Switching power supply is widely used in various electronic devices, and its overvoltage and overcurrent protection circuits are crucial to ensure the safe and stable operation of power supply and load.
First, the key to the design of overvoltage protection circuit is to be able to detect abnormal increase of output voltage in time. Usually, a combination of voltage regulator diode and resistor voltage divider network is adopted. When the output voltage exceeds the set threshold, the voltage regulator diode is broken down, triggering the subsequent protection action. For example, in a 12V output switching power supply, a voltage regulator diode with a suitable withstand voltage value, such as a 15V voltage regulator tube, can be selected to cooperate with the voltage divider resistor to accurately set the overvoltage protection point. Once the overvoltage is detected, the drive signal of the power switch tube can be cut off through the control circuit to stop the power supply output and prevent the overvoltage from damaging the load equipment.
Secondly, the overcurrent protection circuit is mainly used to monitor the load current.

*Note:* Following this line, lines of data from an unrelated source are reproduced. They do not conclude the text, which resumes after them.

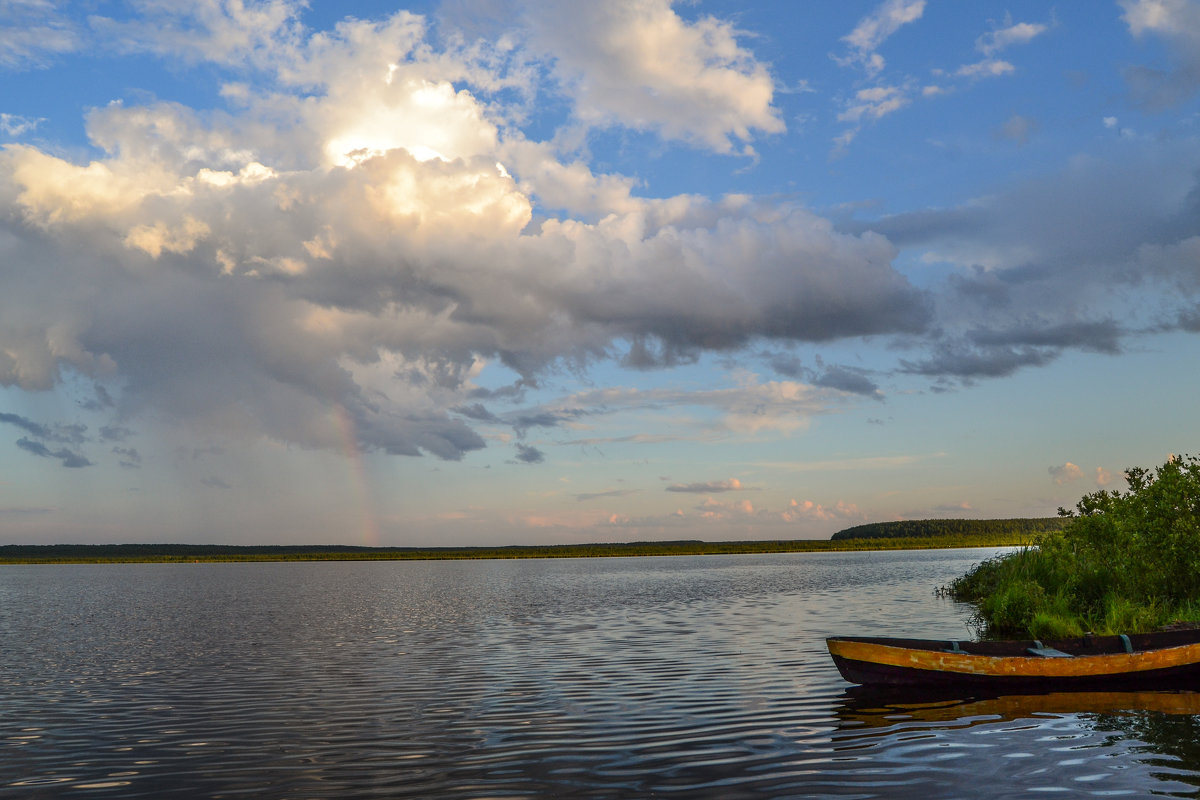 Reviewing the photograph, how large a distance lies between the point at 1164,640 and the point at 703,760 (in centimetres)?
1740

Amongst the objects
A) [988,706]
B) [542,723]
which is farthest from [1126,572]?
[542,723]

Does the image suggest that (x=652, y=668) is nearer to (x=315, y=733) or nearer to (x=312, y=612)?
(x=315, y=733)

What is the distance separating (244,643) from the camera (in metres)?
39.9

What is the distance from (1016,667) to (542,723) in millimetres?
13527

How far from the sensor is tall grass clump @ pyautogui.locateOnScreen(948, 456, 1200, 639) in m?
31.9

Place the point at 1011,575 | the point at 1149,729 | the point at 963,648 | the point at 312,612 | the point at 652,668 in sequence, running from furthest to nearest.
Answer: the point at 312,612 → the point at 1011,575 → the point at 652,668 → the point at 963,648 → the point at 1149,729

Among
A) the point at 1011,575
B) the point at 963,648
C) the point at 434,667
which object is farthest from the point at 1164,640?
the point at 434,667

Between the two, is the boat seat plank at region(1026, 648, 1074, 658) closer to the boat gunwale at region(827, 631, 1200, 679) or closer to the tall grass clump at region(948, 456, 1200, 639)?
the boat gunwale at region(827, 631, 1200, 679)

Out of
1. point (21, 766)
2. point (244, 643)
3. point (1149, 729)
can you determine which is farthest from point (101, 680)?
point (1149, 729)

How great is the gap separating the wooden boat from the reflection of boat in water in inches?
17.9

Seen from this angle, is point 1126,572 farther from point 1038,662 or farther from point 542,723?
point 542,723

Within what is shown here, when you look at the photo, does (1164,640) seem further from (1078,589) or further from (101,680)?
(101,680)

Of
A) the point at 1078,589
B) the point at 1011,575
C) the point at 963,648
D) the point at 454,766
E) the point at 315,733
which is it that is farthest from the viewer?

A common design is to use a current detection resistor to convert the load current into a voltage signal. The voltage signal is compared with the set reference voltage. When the current exceeds the limit value, the comparator output signal triggers the protection mechanism. For example, for a switching power supply with a maximum output current of 5A, a current detection resistor with a suitable resistance value, such as 0.1Ω, is selected. When the current reaches 5A, the voltage on the detection resistor is 0.5V, which is compared with the reference voltage of 0.5V to trigger the protection. The power supply can be shut down or the current output can be limited to avoid overheating and damage of the power device due to excessive current.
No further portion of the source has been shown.